3. Punishing the insurance industry for non-compliance

Some insurance companies deal with claims efficiently, and always answer their correspondence timeously. Others do not. The overriding objective has now had a new limb (f), added to it, to emphasise, the importance of compliance with rules, practice directions and court orders.

With the move to an expressly Singaporean model, of rigidity and inflexiblity in court procedure, there are nowextreme sanctions for non compliance. Insurance companies who fail to comply with Protocol requirements, or who do not act promptly to set aside default judgments, can expect little leeway. Non-compliance generates more  costs, through dropping out of Portal schemes, the reasonable issue of proceedings, and applications for sanctions for non-compliance. Conversely, the claimants’ solicitors can and should have their claim ready, with documents, and statements in place to force the pace once issued.

4. Costs budgeting

The costs budgeting rules represent a clear opportunity for the likely receiving party’s costs to be ratcheted up, at the start of the case. First as they have no application at all to pre-issue costs, a solicitor is free to spend what he wants prior to the issue of proceedings and will do so, to avoid any potential strictures of budgeting.

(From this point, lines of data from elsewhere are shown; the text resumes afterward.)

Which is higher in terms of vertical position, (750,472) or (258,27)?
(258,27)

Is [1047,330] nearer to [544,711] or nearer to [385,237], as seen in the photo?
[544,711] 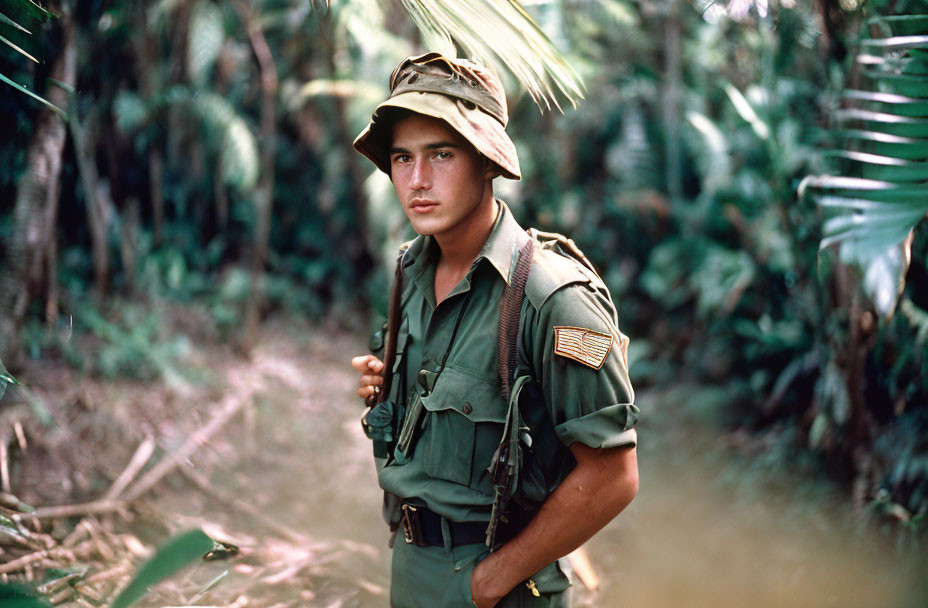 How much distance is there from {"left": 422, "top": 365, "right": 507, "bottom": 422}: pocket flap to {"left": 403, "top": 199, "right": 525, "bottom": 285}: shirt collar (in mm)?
252

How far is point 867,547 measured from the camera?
12.8 feet

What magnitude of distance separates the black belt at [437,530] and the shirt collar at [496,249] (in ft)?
2.00

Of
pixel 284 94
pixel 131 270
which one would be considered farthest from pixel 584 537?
pixel 284 94

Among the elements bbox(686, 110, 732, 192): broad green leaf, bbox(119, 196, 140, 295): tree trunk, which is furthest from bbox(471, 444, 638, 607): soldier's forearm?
bbox(119, 196, 140, 295): tree trunk

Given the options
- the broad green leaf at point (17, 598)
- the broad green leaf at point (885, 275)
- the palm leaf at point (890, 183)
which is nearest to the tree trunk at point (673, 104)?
the palm leaf at point (890, 183)

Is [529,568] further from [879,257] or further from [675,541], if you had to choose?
[675,541]

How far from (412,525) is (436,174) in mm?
892

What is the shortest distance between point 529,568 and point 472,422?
360mm

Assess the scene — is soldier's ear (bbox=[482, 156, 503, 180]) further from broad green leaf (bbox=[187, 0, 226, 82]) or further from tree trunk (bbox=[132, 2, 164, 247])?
broad green leaf (bbox=[187, 0, 226, 82])

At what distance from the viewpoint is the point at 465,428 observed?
1634 millimetres

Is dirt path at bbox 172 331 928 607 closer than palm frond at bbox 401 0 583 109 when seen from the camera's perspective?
No

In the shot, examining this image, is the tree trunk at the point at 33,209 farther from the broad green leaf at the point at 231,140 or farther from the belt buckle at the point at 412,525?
the belt buckle at the point at 412,525

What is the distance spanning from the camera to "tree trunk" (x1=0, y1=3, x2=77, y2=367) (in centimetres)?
417

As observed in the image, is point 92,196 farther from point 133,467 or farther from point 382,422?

Something like 2/3 to 3/4 of all costs, are incurred pre-issue.

Secondly it gives an excellent opportunity, to establish hourly rates, document time and overall levels of costs anchoring expectations for a detailed assessment, promoting unease in the mind of the likely paying party.

5. More issued claims

The carefully constructed Fixed Fee matrix for Fast Track cases, positively encourages claimants to issue proceedings, and to run them to as late in the day as possible as the longer the case goes on, the higher the costs recovered, per case.

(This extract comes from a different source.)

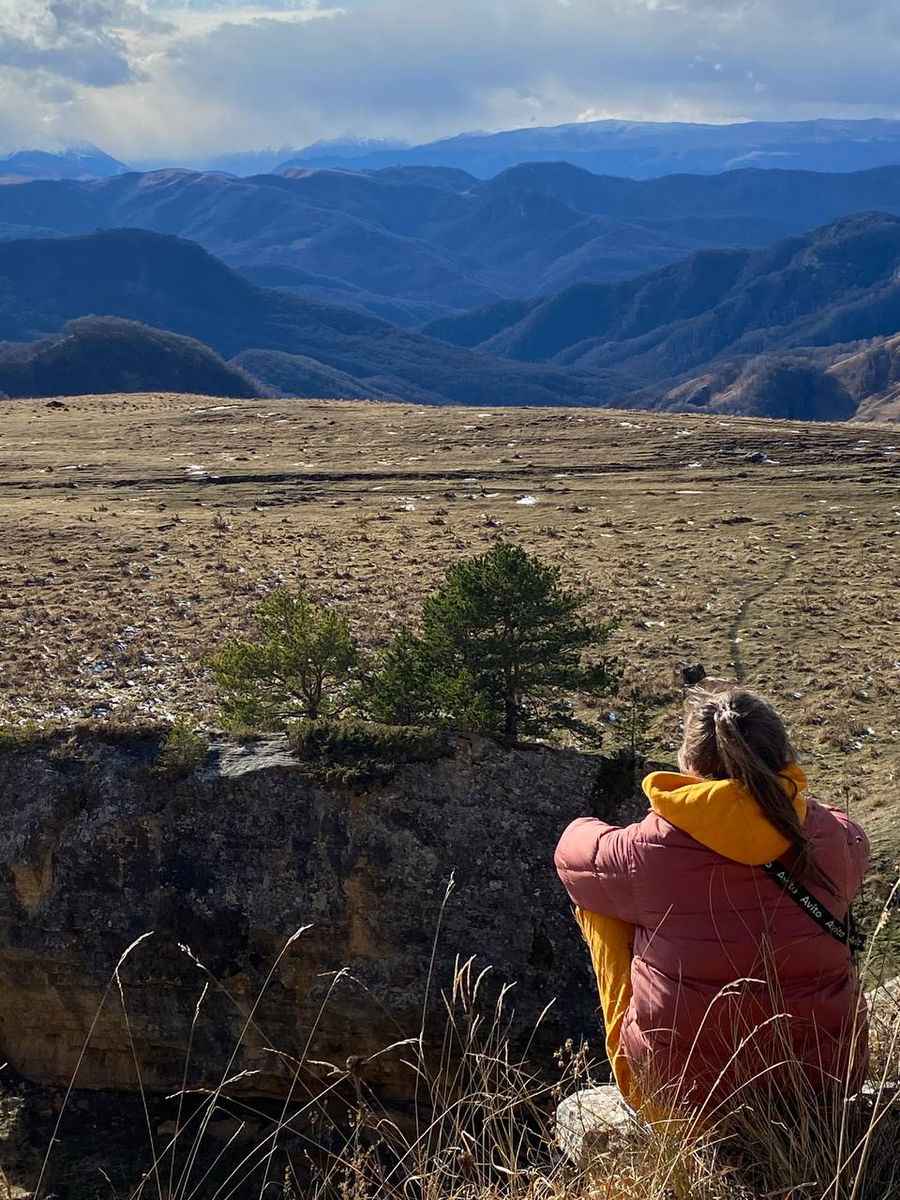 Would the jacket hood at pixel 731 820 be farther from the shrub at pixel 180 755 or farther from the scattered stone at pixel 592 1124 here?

6. The chilling effect of QUOCS

The realisation that in the vast majority of cases that even a successful defendant, will have to stand its own costs, due to the regime of Qualified One Way Costs Shifting, means that each and every case, now has a settlement value.

In circumstances, where a lost case means that the costs Order, does not even count as an unsatisfied judgment, means that, again, built into the system is an incentive to run every case, that a claimants solicitors practice has.

Moreover, even if a defendant successfully couches a part 36 offer which it succeeds on at trial, as its own costs can only be set off against the claimant’s damages, not damages and the claimant’s costs, the situation will arise where a claimant’s damages are wiped out to zero, but his solicitors will still recover substantial costs, up to the point in time that the part 36 bites.

7. Part 36 offers in detailed assessment proceedings

These are utterly unnecessary, where a regime of provisional assessment is in place to control costs. But if a receiving party can couch a part 36 offer accurately for the purposes of an assessment  then they will receive not only 10% of the costs of the bill, but part 36 interest on the costs on the bill, indemnity costs of the detailed assessment and part 36 interest on the detailed assessment costs. Thus, with one stroke, the £1500 cap on assessment costs prescribed by provisional assessment, can be made otiose.

8. Damages based agreements (DBAs), BTE and the Small Claims Track

If the Small Claims Track limit is raised to £5000 for personal injury claims, then those claims will not disappear. Instead, the 70% of motorists who have BTE, will have a positive incentive to use it and those who don’t have BTE, or if BTE is withdrawn in its current form, will have an incentive to use Damages Based Agreements (DBAs) or appropriately drafted CFA Lites with waivers, to continue to litigate the case: which would mean lower damages for claimants, but potentially higher fees for solicitors than those prescribed, by for example, the Portal scheme.